Re: Demarchy's promise

From: Technotranscendence (neptune@mars.superlink.net)
Date: Thu Aug 08 2002 - 05:23:52 MDT


On Wednesday, August 07, 2002 4:05 PM Charles Hixson
charleshixsn@earthlink.net wrote:
> OTOH, there exist jobs that require large scale planning and
> implementation. The streets of a city occur as a reasonable example.
> Thus a conflict. All of the traditional mechanisms for promoting
large
> scale planning and implementation require the centralization of power.
> What are the alternatives? It seems like there should be *some*
> reasonable approach that works without being corrupted.

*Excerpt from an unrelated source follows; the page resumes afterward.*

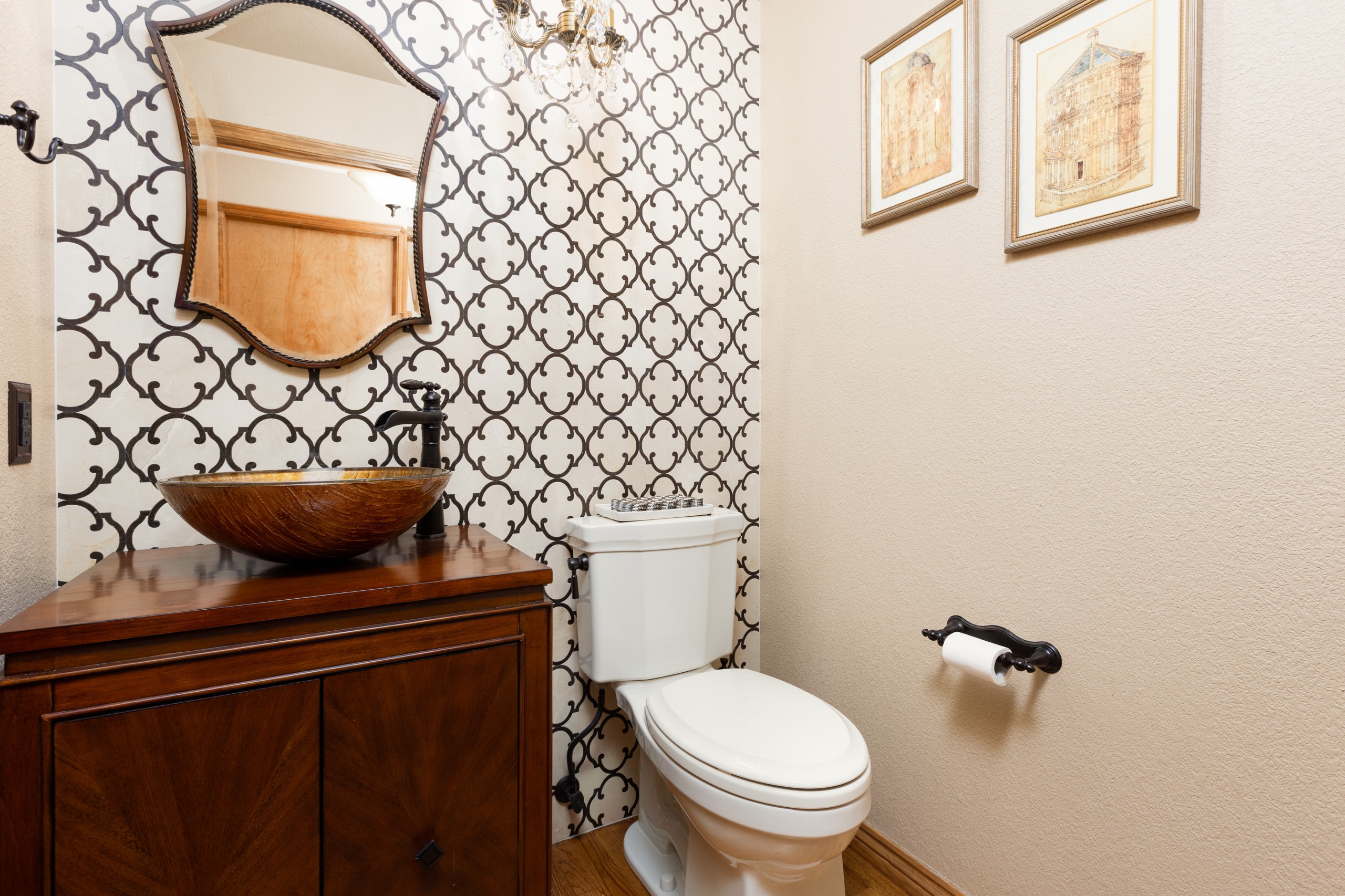 Master and guest bathrooms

On private roads, see "Private Roads, Competition, Automobile Insurance
and Price Controls" by Walter Block at
http://libertariannation.org/a/f84b1.html

and Daniel Klein's many papers at
http://lsb.scu.edu/~dklein/papers/default.htm -- e.g., "Curb Rights:
Eliciting Competition and Entrepreneurship in Urban Transit," "Toll
Lanes: Phasing in Congestion Pricing a Lane at a Time," "Private Toll
Roads: Learning from the 19th Century," "The Voluntary Provision of
Public Goods? The Turnpike Companies of Early America," "Economy,
Community and Law: The Turnpike Movement in New York, 1797-1845,"
"Responding to Relative Decline: The Plank Road Boom of Antebellum New
York," "Use, Esteem, and Profit in Voluntary Provision: Toll Roads in
California, 1850-1902," "Plank Road Fever in Antebellum America: New
York State Origins," and "From Trunk to Branch: Toll Roads in New York,
1800-1860." Whew1:) That a virtual library on road privatization and
it's by no means the only work in that area.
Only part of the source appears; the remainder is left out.